▶ [Work instruction]
In the entries below, begin at the line that has "E-R Diagram for", stop after the line that has "Puffer Validator Tickets.jpg", and output those lines exactly with no pictures.

▶ [The input]
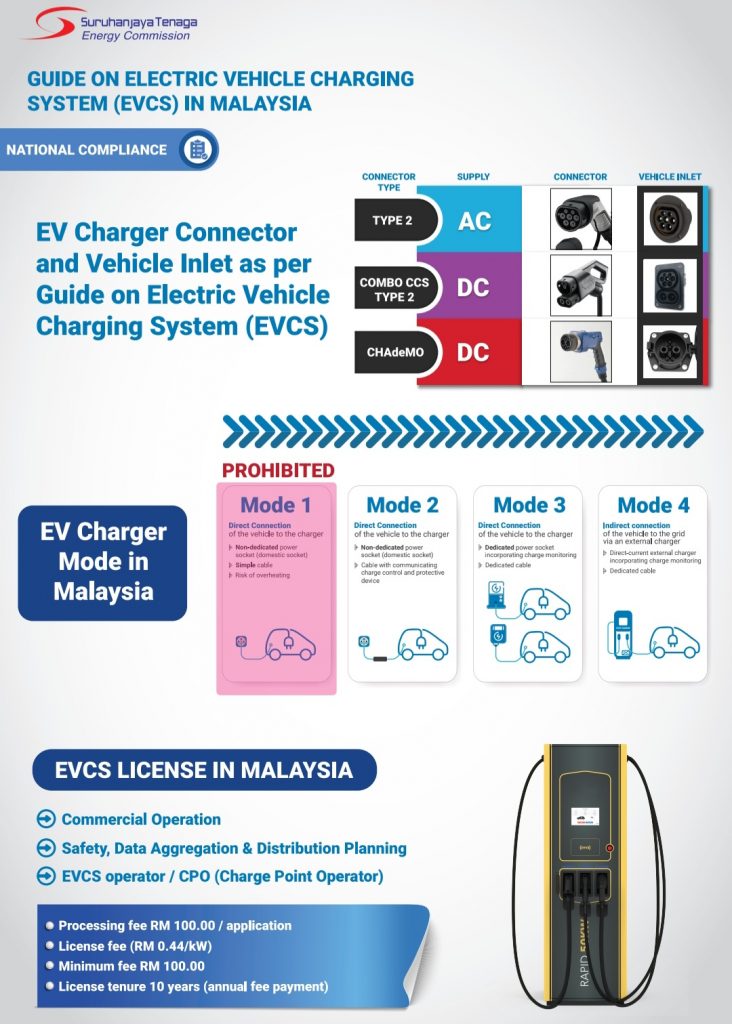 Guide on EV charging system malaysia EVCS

---

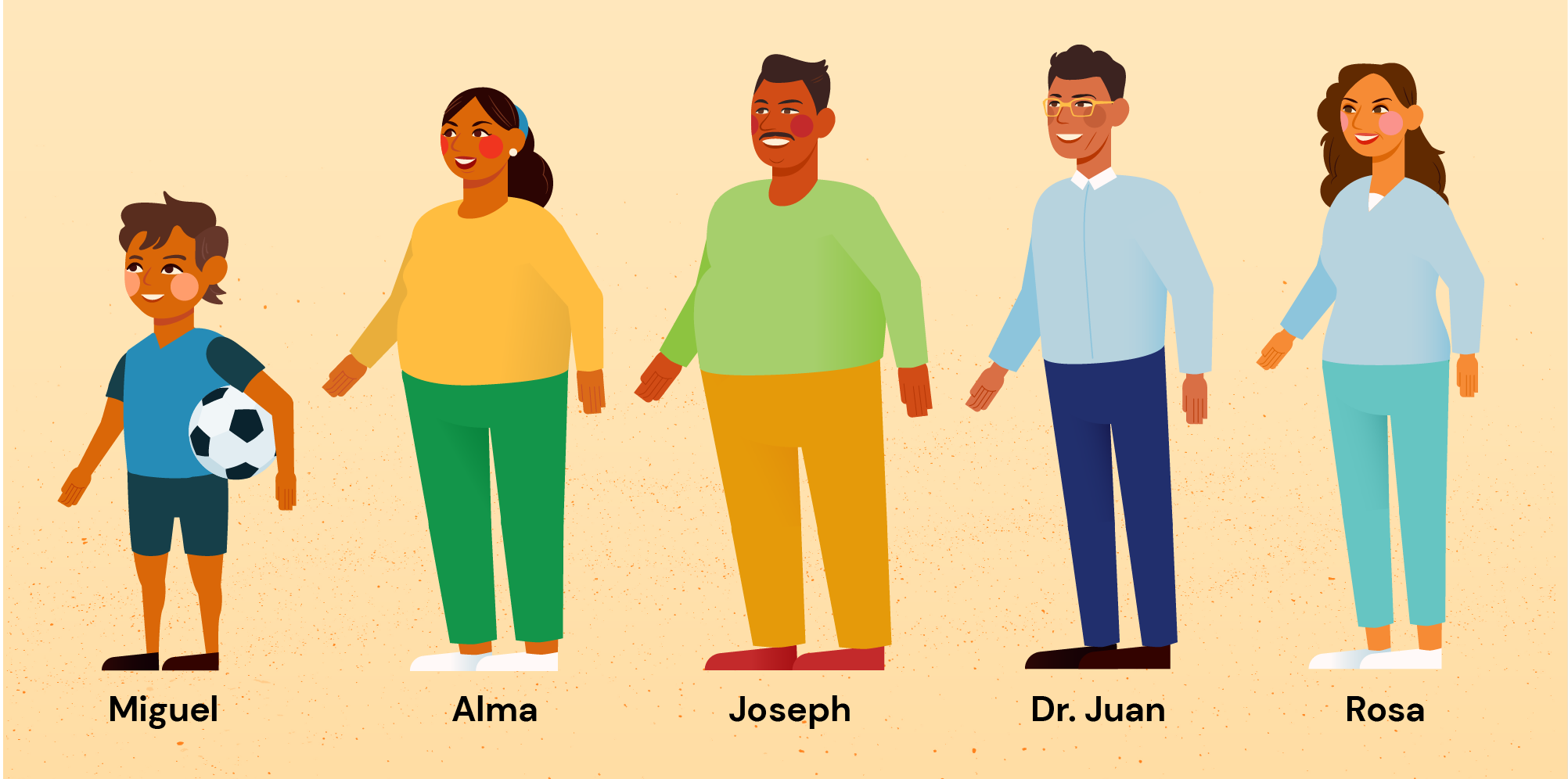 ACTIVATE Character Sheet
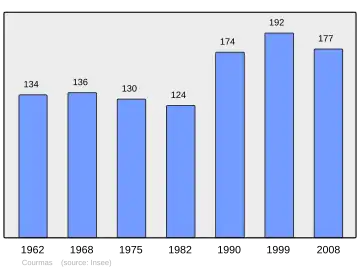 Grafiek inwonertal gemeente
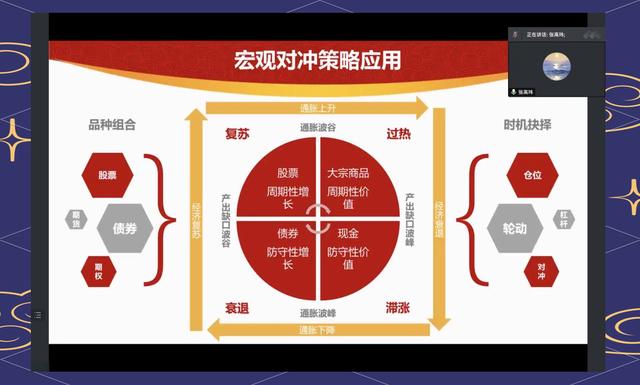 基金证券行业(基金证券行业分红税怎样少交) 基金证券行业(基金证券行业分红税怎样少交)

--

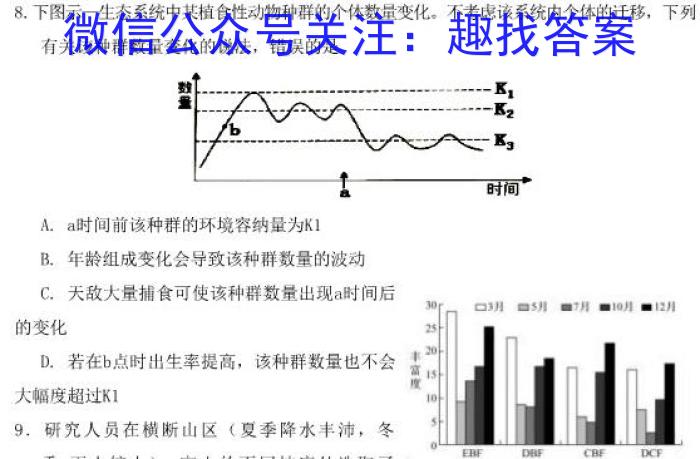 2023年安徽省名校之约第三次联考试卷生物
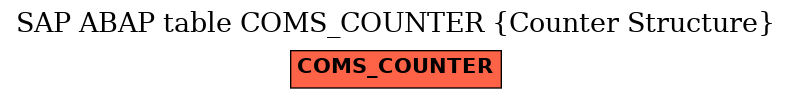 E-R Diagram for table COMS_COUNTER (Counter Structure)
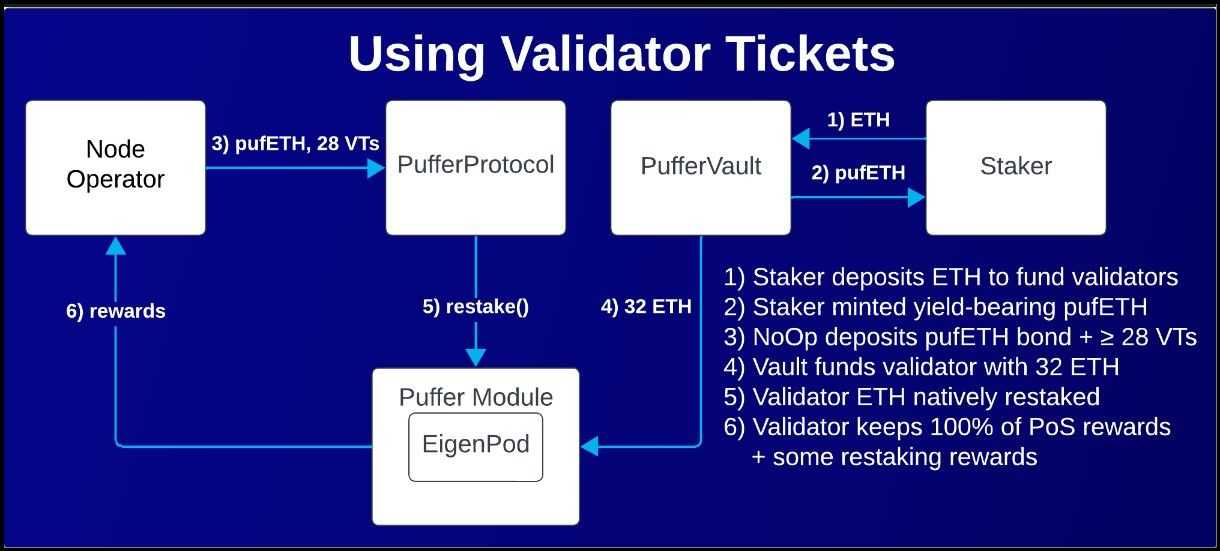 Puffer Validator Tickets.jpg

▶ [Answer section]
 E-R Diagram for table COMS_COUNTER (Counter Structure)
 Puffer Validator Tickets.jpg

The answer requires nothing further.